An international team of researchers has discovered a new vulnerability in prostate cancer cells that could lead to more effective therapies for one of the most common cancers affecting men. The study, published in the Proceedings of the National Academy of Sciences (PNAS), was led by scientists from Flinders University, Australia, and South China University of Technology.
Key Enzymes Found to Protect Cancer Cells
The researchers identified two enzymes—PDIA1 and PDIA5—that play a vital role in helping prostate cancer cells grow, survive, and resist treatment. These enzymes act as molecular bodyguards for the androgen receptor (AR), a protein that drives prostate cancer progression.

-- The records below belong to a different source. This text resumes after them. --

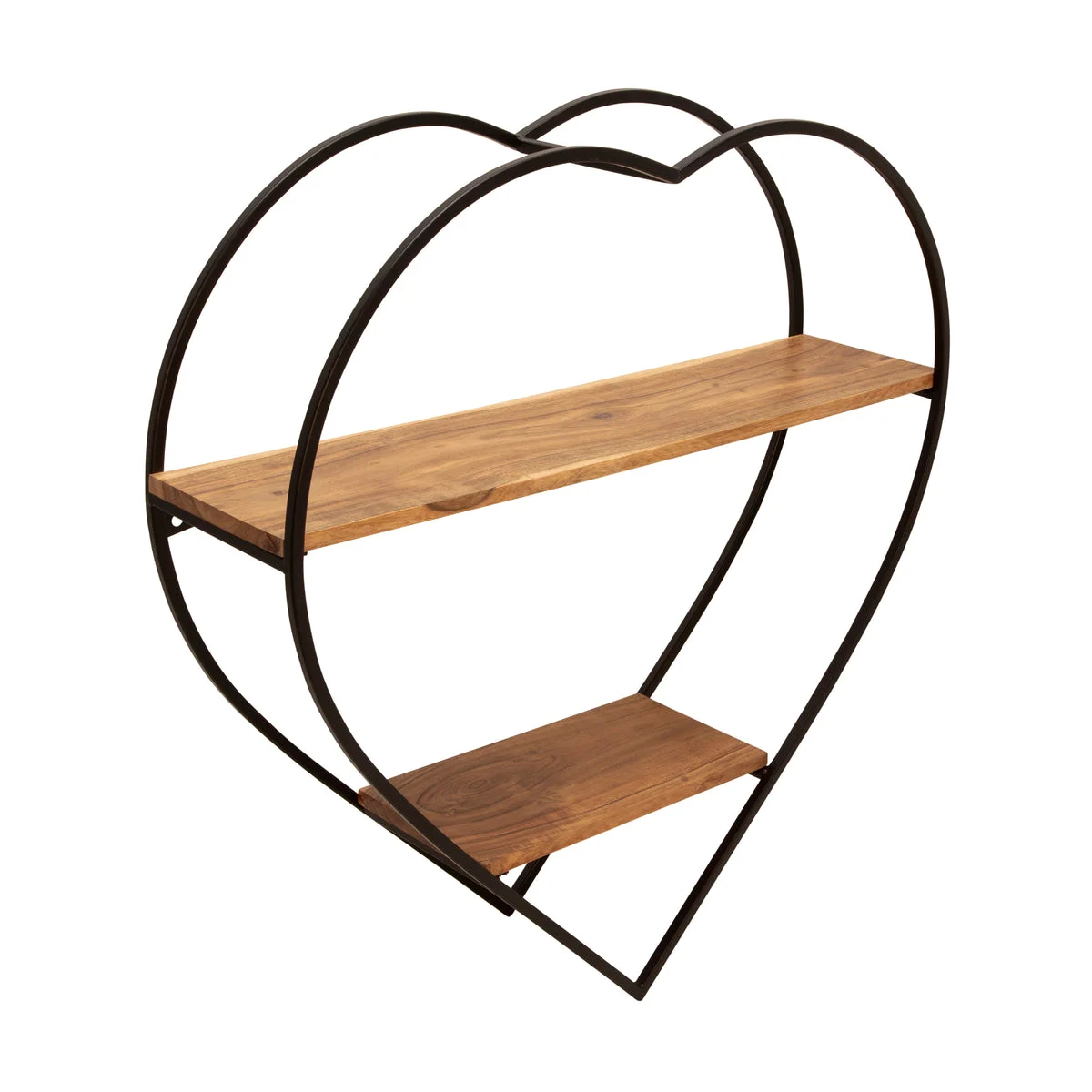 Sagebrook Home Metal/Wood 28`` Heart Wall Shelf, Brown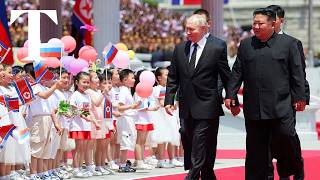 Putin receives lavish welcome in North Korea [upl. by Eniger]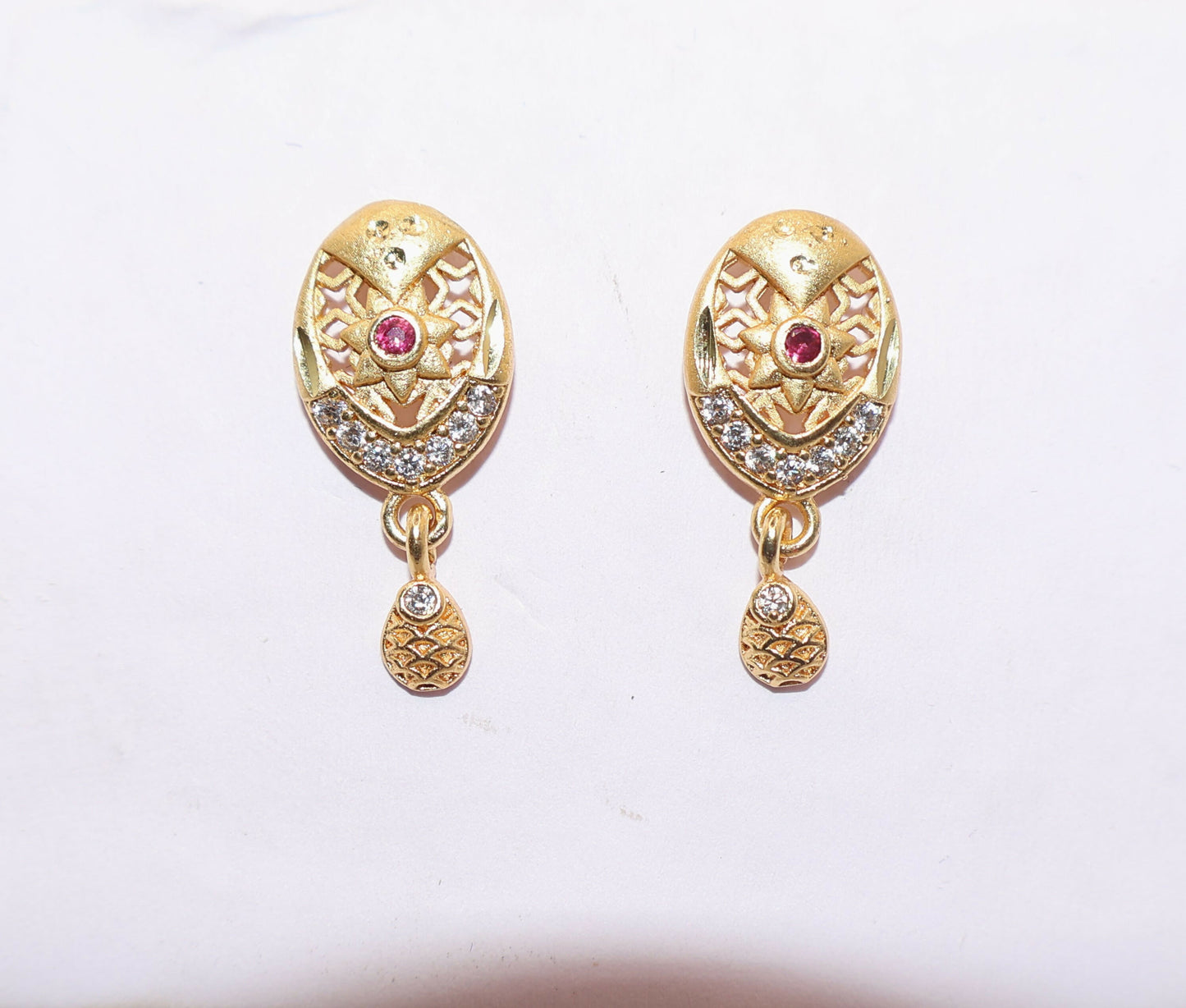 Gold Plated Oval Stud Earrings with AD for women and girls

When scientists blocked PDIA1 and PDIA5, the androgen receptor became unstable and degraded, causing cancer cells to die and tumors to shrink in both lab-grown models and animal studies.

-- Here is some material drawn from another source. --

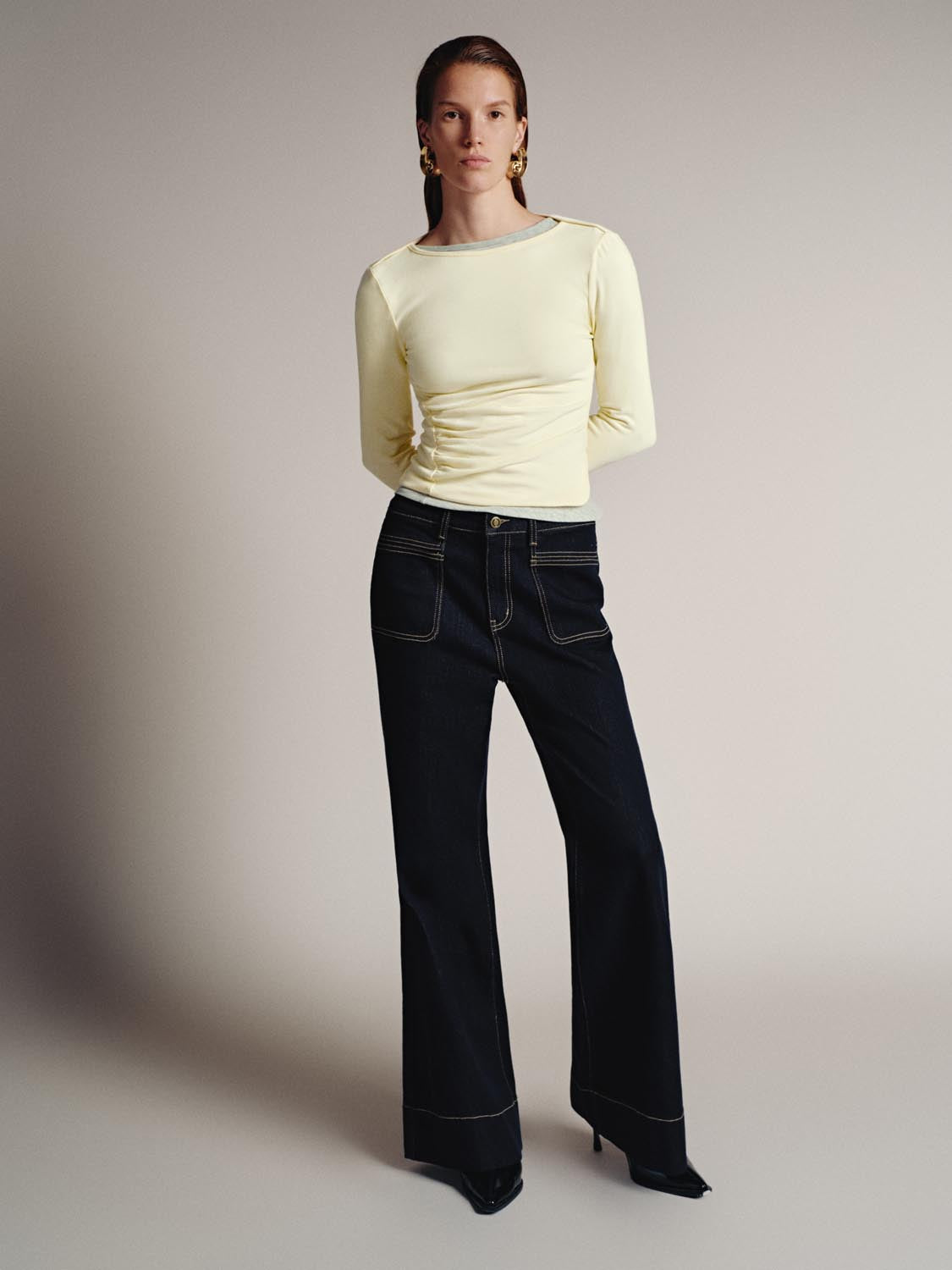 Ruched Long Flare Sleeve T-Shirts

Combining New Inhibitors with Existing Drugs Enhances Treatment
As reported by medicalxpress, the team also tested a combination of PDIA1 and PDIA5 inhibitors with enzalutamide, a widely used prostate cancer medication. Remarkably, this combination significantly enhanced the drug’s effectiveness against cancer cells.
“We’ve discovered a previously unknown mechanism that prostate cancer cells use to protect the androgen receptor,” explained Professor Luke Selth, senior author of the study and Head of Prostate Cancer Research at Flinders University. “By targeting these enzymes, we can destabilize the AR and make tumors more vulnerable to existing therapies like enzalutamide.”
Promising Results from Tumor Samples and Animal Models
Lead author Professor Jianling Xie, who began this research at Flinders University and now works at the South China University of Technology, highlighted the encouraging results. “This combination therapy worked well in patient-derived tumor samples and in mice, suggesting strong potential for future clinical trials,” said Dr. Xie.
He added, “PDIA1 and PDIA5 are not just helpers of cancer growth—they’re promising targets for new treatments that could complement current drugs.”
Targeting the Cancer’s Energy Source
Beyond protecting the androgen receptor, PDIA1 and PDIA5 also help cancer cells handle stress and produce energy. Blocking these enzymes damages the cancer cells’ mitochondria—the energy-producing centers—causing oxidative stress that further weakens the cells.
“This dual effect—disrupting both the AR and the cancer’s energy supply—makes these enzymes especially appealing as drug targets,” noted Dr. Xie. “It’s like cutting off both the fuel and the engine at the same time.”
Future Research and Clinical Implications
According to Professor Selth, while current PDIA1 and PDIA5 inhibitors show potential, more work is needed to ensure they are safe for patients. “Some existing compounds may also affect healthy cells,” he said. “Our next goal is to develop more selective and safer inhibitors that can be tested in clinical trials.”
A Step Toward Overcoming Drug Resistance
Prostate cancer is the second most common cancer among men worldwide. Although hormone therapy and androgen receptor-targeting drugs like enzalutamide have benefited many patients, drug resistance remains a major challenge.
This new discovery could pave the way for therapies that overcome resistance and improve outcomes for men with advanced prostate cancer.